Relayer is a library to emit kafka messages and group logs to relay them to kafka for log aggregation.

Project description

# relayer

[![Build Status](https://travis-ci.org/wizeline/relayer.svg)](https://travis-ci.org/wizeline/relayer)


## Contents


1. [About](#about)
2. [Install](#install)
3. [Usage](#usage)
1. [Flask](#flask)
2. [RPC](#rpc)
3. [Disable for testing](#disable-for-testing)
4. [Settings for development](#settings-for-development)
4. [Hacking](#hacking)
1. [Setup](#setup)
2. [Testing](#testing)
3. [Coding conventions](#coding-conventions)


## About

Relayer is a library to emit kafka messages and group logs to relay them to kafka for log aggregation.


## Install

Just do:

```
$ pip install relayer
```


## Usage

Relayer supports two different clients, RPC and Flask, depending on which client do you need the initialization steps differ, but once you have a `relayer` object the usage is identical, the relayer object provides two methods:

`relayer.emit(event_type, event_subtype, payload, partition_key=None)`: This method writes directly to a kafka topic, the kafka topic is defined by the `event_type` argument, if `partition_key` is provided all messages sent to that specific `partition_key` are guaranteed to get written to the same partition and the `key` of the message will be the binary representation of that key, the partition key can only be a string, a bytes string or a uuid. The message written is the json encoding of a dictionary containing `event_type`, `event_subtype` and `payload` keys, if the message is not json serializable the exception `NonJSONSerializableMessageError` will be raised.

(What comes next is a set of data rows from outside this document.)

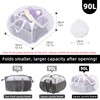 HEDONLEE Collapsible Laundry Basket, 90L Foldable Pop-up Laundry Hamper with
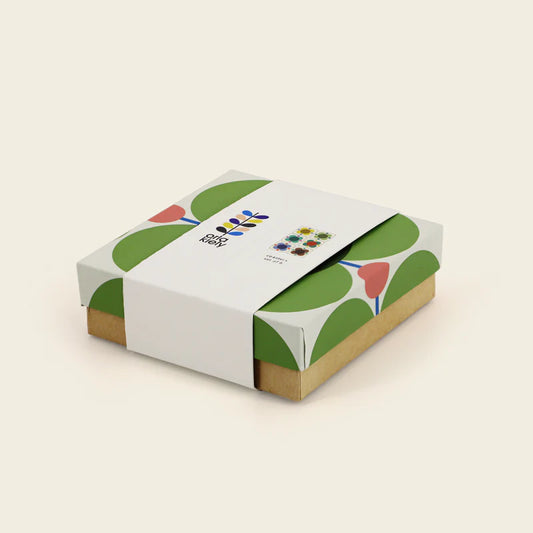 ORLA KIELY SET 6 COASTERS ATOMIC FLOWER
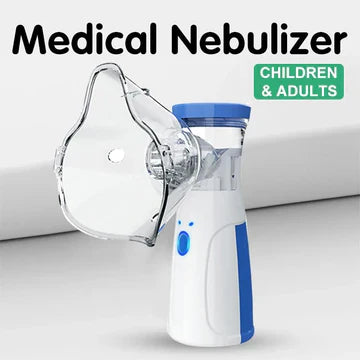 BreatheEase™ Mini Mesh Nebulizer Pro – Portable & Silent for Adults & Kids
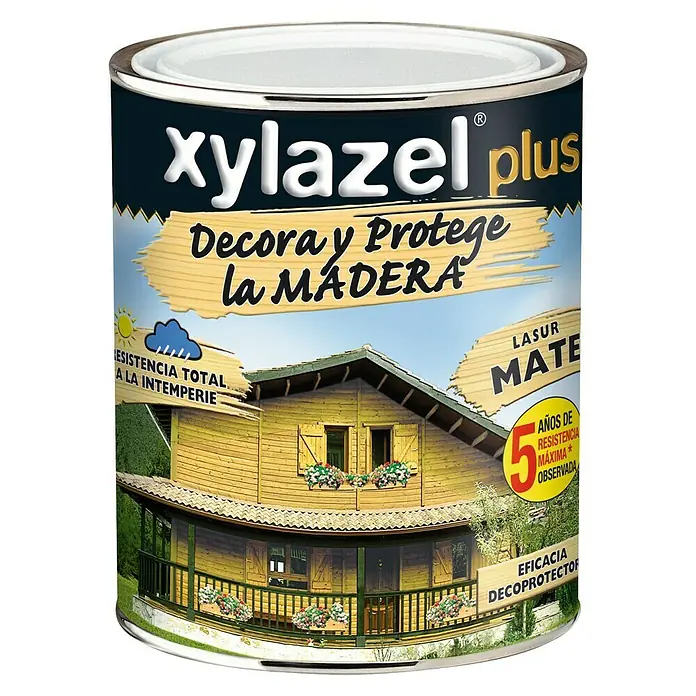 Xylazel Protección para madera lasur Decora - Pino Oregón, 750 ml, Mate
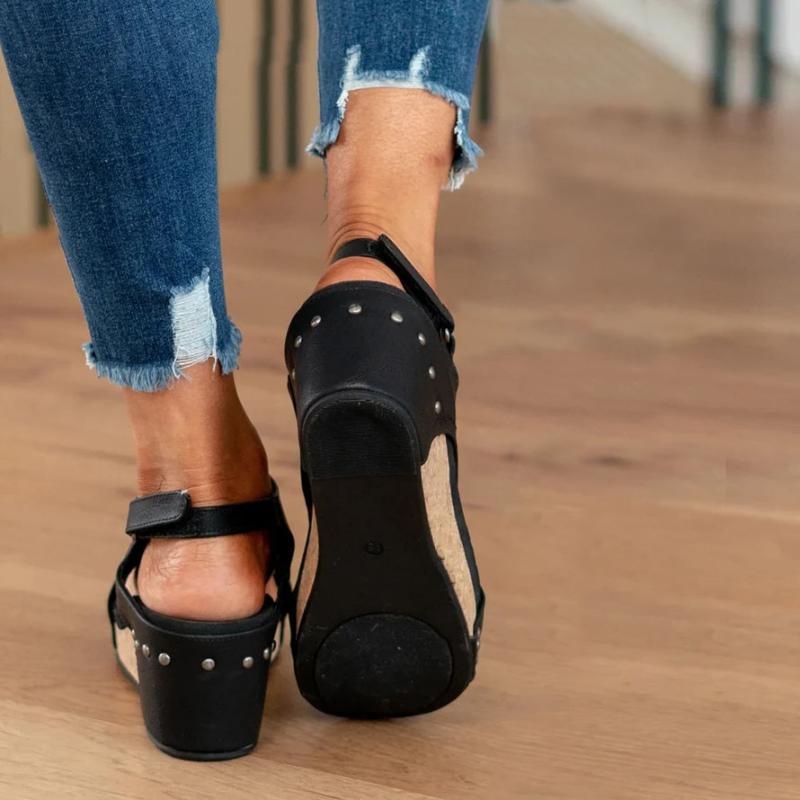 Orthopedische Leren Dames Sandalen Comfort Plus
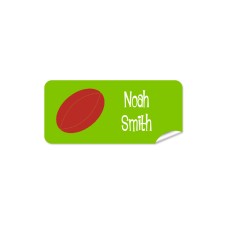 Red Football Rectangle Name Label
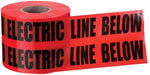 Ideal Detect Underground Caution Buried Electric Line Red 3 Inch (42-201)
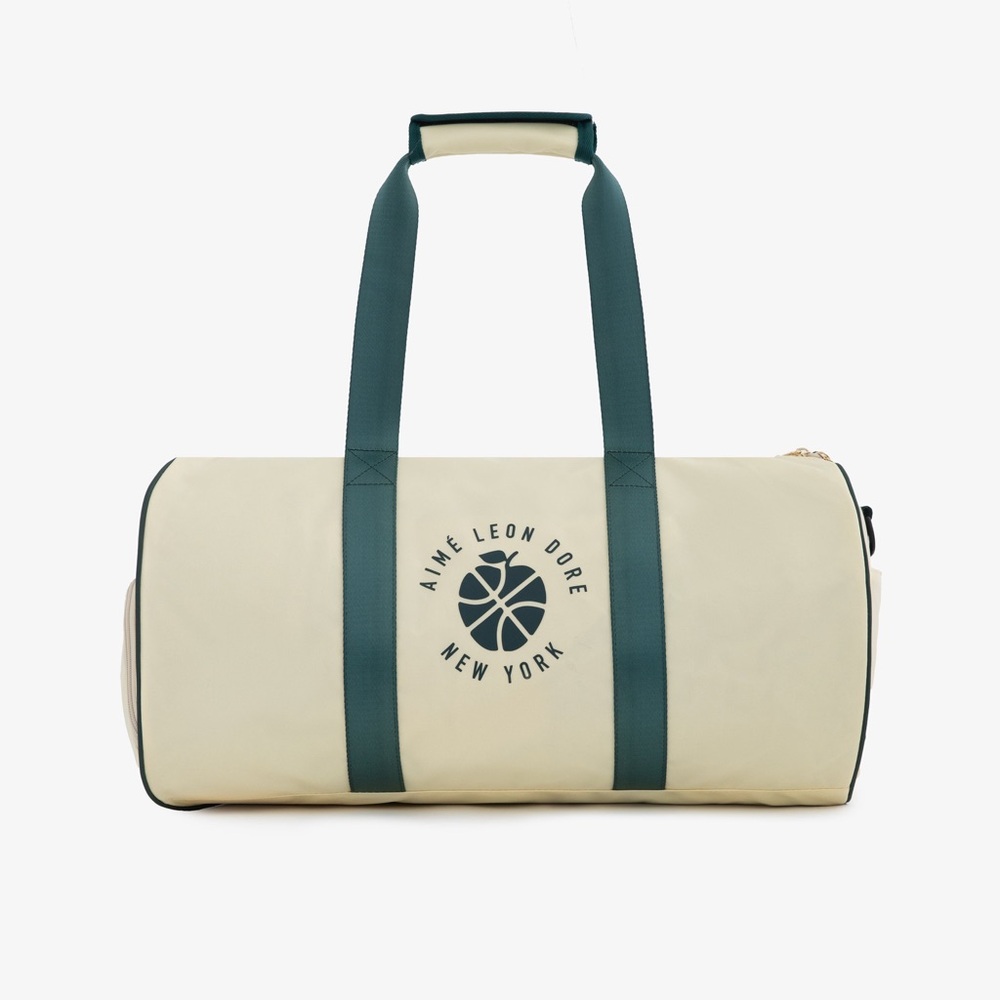 Aime Leon Dore x New Balance Cream and Green Gym Duffel Bag
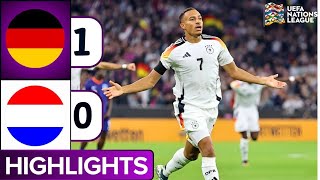 Germany vs Netherlands 10 All Goals amp Extended Highlights UEFA Nations League 2024 [upl. by Boswell]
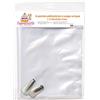 Framboiselle 8839 - Kit 6 tasche usa e getta + 2 beccucci in acciaio inox per macaron, diametro 1 x altezza 5,4 cm, motivo stella, diametro 0,9 x altezza 4,5 cm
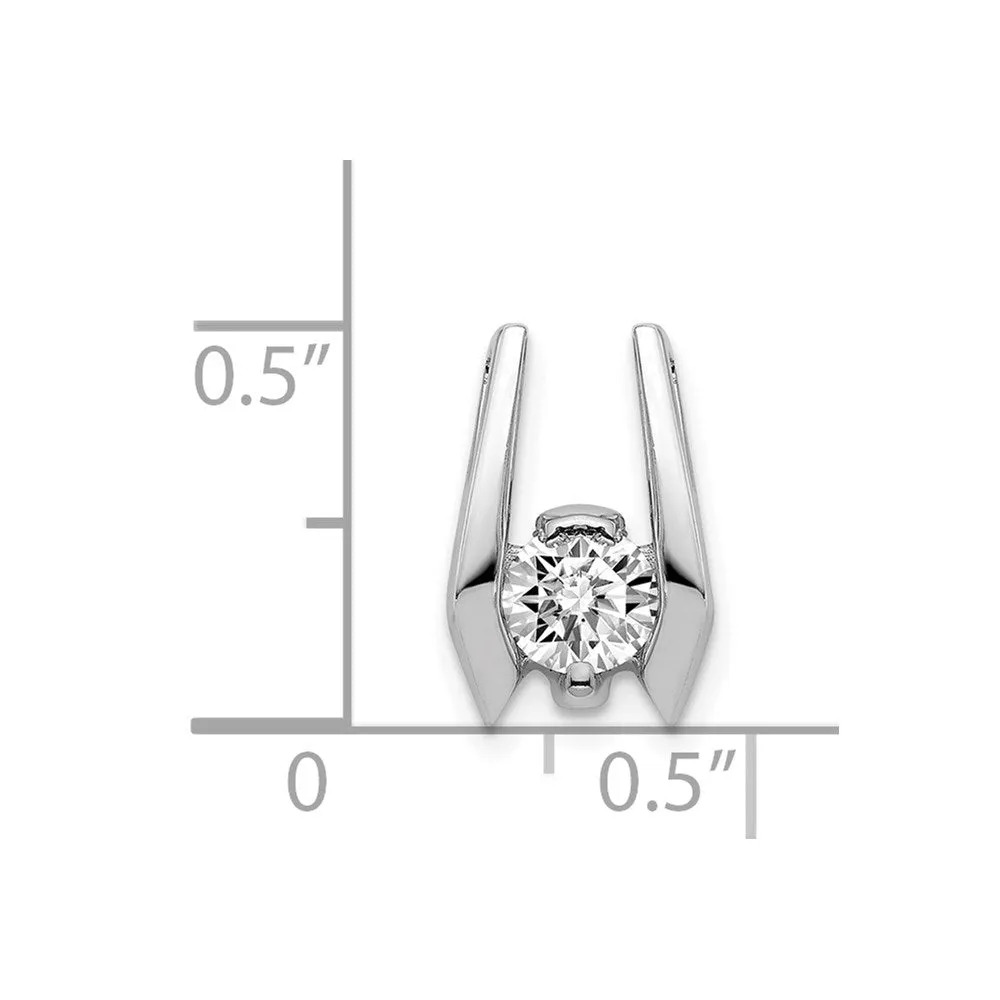 14k White Gold 4.75mm VS Diamond Slide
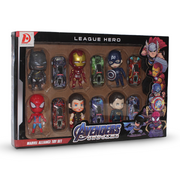 Avengers Endgame League Hero Action Figures + 6 Cars
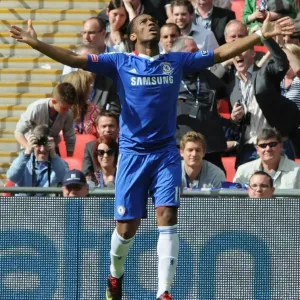Didier Drogba's FA Cup Winning Free-Kick Print Didier Drogba's FA Cup Winning Free-Kick Print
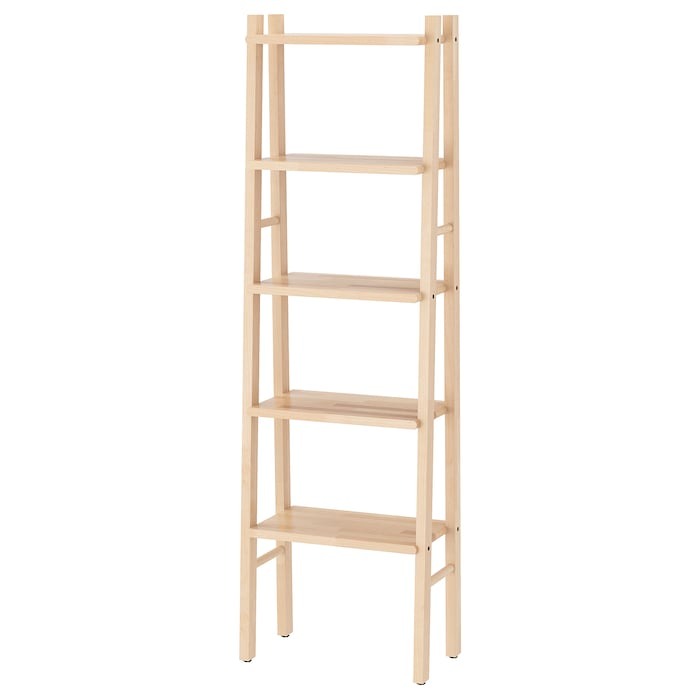 VILTO Shelving unit, birch, 46x150 cm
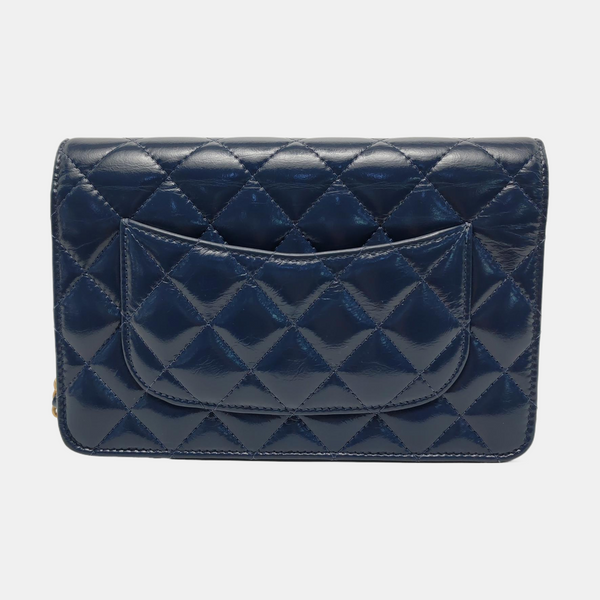 WOC Quilted Calfskin Blue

`relayer.emit_raw(topic, message, partition_key=None)`: This method writes directly to a kafka topic, the kafka topic is defined by the `topic` argument, if `partition_key` is provided all messages sent to that specific `partition_key` are guaranteed to get written to the same partition and the `key` of the message will be the binary representation of that key, the partition key can only be a string, a bytes string or a uuid. The message written is the json encoding of `message`, if the message is not json serializable the exception `NonJSONSerializableMessageError` will be raised.

`relayer.log(log_level, message)`: This method logs a message, all the messages logged gets written to a specific topic at the end of the request (or RPC call), more on this later. The log level is just a string to categorize the severity of the log entry, it's up for the consumer of this library to use any log levels they see useful for their usecase.

When you do a `relayer.emit` the message gets sent immediately to kafka, but also a copy gets saved for the purpose of log aggregation. When you create the relayer a `logging_topic` needs to be provided, this argument represents a kafka topic where log information gets written, all the messages written by `relayer.emit` and `relayer.log` gets aggregated for every request (or RPC call) and gets written to the specified `logging_topic` on kafka, so it can later be piped to an ELK stack or similar systems. This special log message also contains metadata related to the request, such as the timestamp and how long did it take to process the request.

Both RPC and Flask relayer support the optional parameters `topic_prefix` and `topic_suffix`. When `topic_prefix` is present all message sent to any kafka topic will prepend the value of `topic_prefix` to the topic name, that includes both the logging topic value and the topics used on `emit` calls. `topic_suffix` does exactly the same but instead of prepending, it appends its value to the topic names, this might be useful to namespace topics if you want to use the same kafka cluster to host messages from a few different environments.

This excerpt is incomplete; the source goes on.